# Advantages of wormgear levelewind in reels



## Guest (Nov 28, 2016)

After reading a few of Alan Hawk's reel takedowns I can't help but notice that most top-of-the-line reels use a wormgear levelwind like this (part #2):









I have taken apart low-end reels and they don't move the spool with a wormgear, just a crude arm mounted on a pivot like so:









My question is: why is a wormgear mechanically better than the arm/pivot arrangement?


----------



## BlaineO (Jan 22, 2001)

The worm gear/level wind mechanism allows the line lay to be much closer together than the simpler mechanical arrangement. Much more line can be put on the reel more consistently, it does not tend to lump at the top and bottom of the spool as much, this allows for smoother casting and greater line capacity. It also helps the drag to be smoother on fast running fish on some reels where the spool oscillates up and down as the line leaves the reel.


----------



## Guest (Nov 28, 2016)

BlaineO said:


> The worm gear/level wind mechanism allows the line lay to be much closer together than the simpler mechanical arrangement. Much more line can be put on the reel more consistently, it does not tend to lump at the top and bottom of the spool as much, this allows for smoother casting and greater line capacity. It also helps the drag to be smoother on fast running fish on some reels where the spool oscillates up and down as the line leaves the reel.


Thanks. That makes sense. It sounds like a winning design then. Does it have any disadvantage?


----------



## ez2cdave (Oct 13, 2008)

NW-Caster said:


> Does it have any disadvantage?


If the Pawl or Worm Gear wears out, you are without the ability to have line spool evenly on your reel. That Nylon gear in your pic might also be a weak point.


----------



## BlaineO (Jan 22, 2001)

The benefits far outweigh the detriments as long as you maintain the reel and don't abuse it.


----------



## ASK4Fish (May 4, 2005)

That small plastic idler gear is a sacrificial piece built into the reel to protect the more expensive worm gear. $3 part rather than $15 or more worm, and $3+ pawl, should the mechanism become jammed. Worms provide a more detailed line lay than an oscillating gear and slider, the latter is also more prone to wear quicker, however easier to service.


----------



## ASK4Fish (May 4, 2005)

Your granddaddy's 700 series Penn uses an oscillating set up and likely runs as smooth as it did the day it came out of the box, so materials and craftsmanship certainly play a role... Machined trumps cast any day, and you can't cast a worm... Sorry, 15+ years of reel repair service got me all chatty..


----------



## Guest (Nov 29, 2016)

ASK4Fish said:


> Your granddaddy's 700 series Penn uses an oscillating set up and likely runs as smooth as it did the day it came out of the box, so materials and craftsmanship certainly play a role... Machined trumps cast any day, and you can't cast a worm... Sorry, 15+ years of reel repair service got me all chatty..

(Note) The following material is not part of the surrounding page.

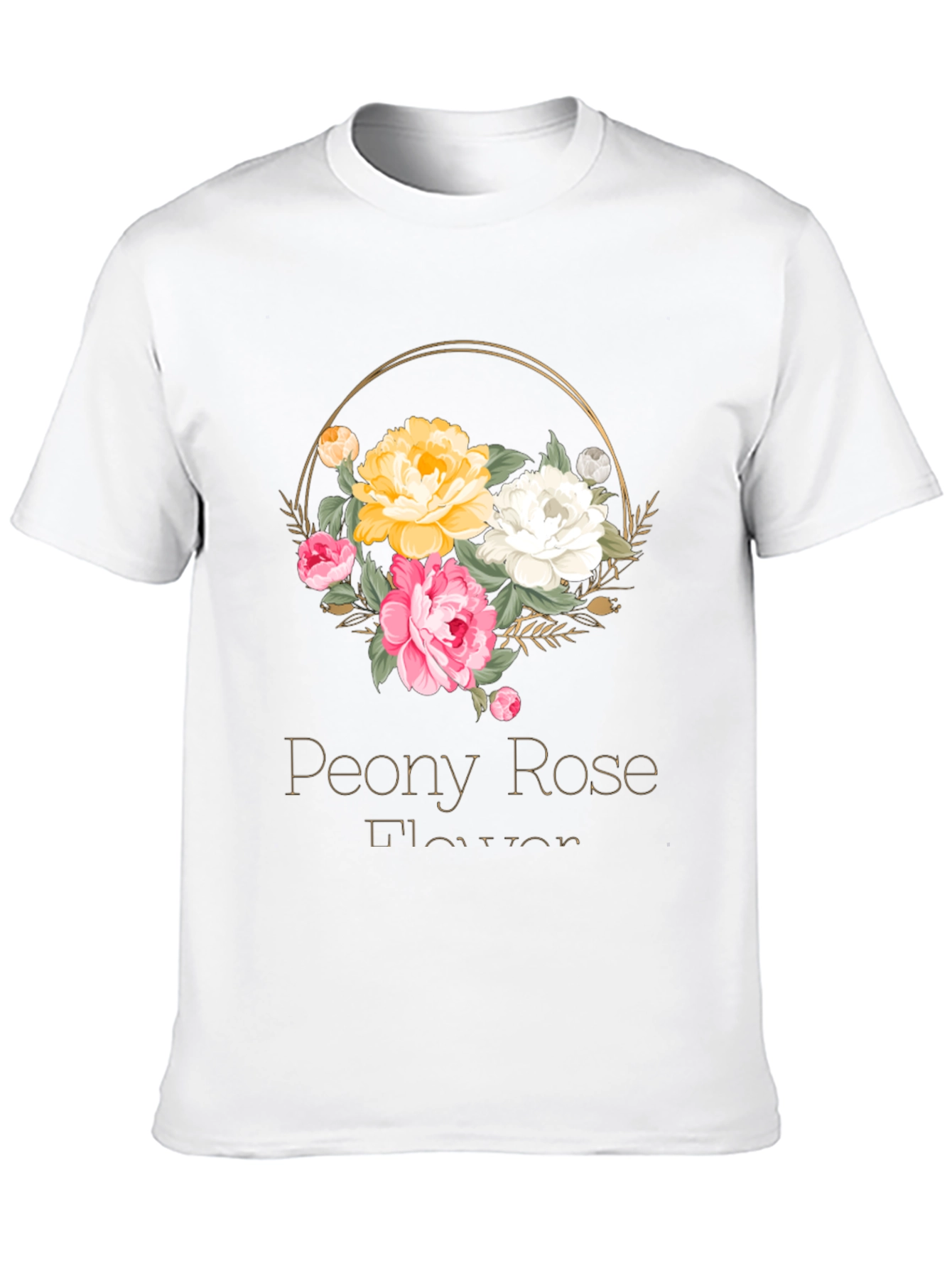 Peony Rose Flower T-Shirt Floral Graphic Tee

My granddaddy did not use Penn reels. My father used Daiwa reels with worm drive, among others. Worm drive reels have been around since at least the 70s, maybe even before. I get how Penn markets its reels as some retro "pass-it-down-to-your-heirs" reel commanding a premium price. Not my cup of tea. A sound design stemming from human ingenuity, combined with quality craftmanship/materials scores better in my book than any perceived heritage and MBA-marketed and made-up sentimental value.

That being said I have some Penn reels. They fit a certain role and I like them for what they are.


----------



## ez2cdave (Oct 13, 2008)

NW-Caster said:


> I get how Penn markets its reels as some retro "pass-it-down-to-your-heirs" reel commanding a premium price.


That would be true of the 1st Gen, 2nd Gen (All Models), and 3rd Gen (6500SS & up ) Penn SS Spinfisher reels . . . The lower model munber 3rd Gen's ( 4200SS-5500SS with "Graphite" bodies), not so much. 4th Gen & 5th Gen are Chinese-made reels.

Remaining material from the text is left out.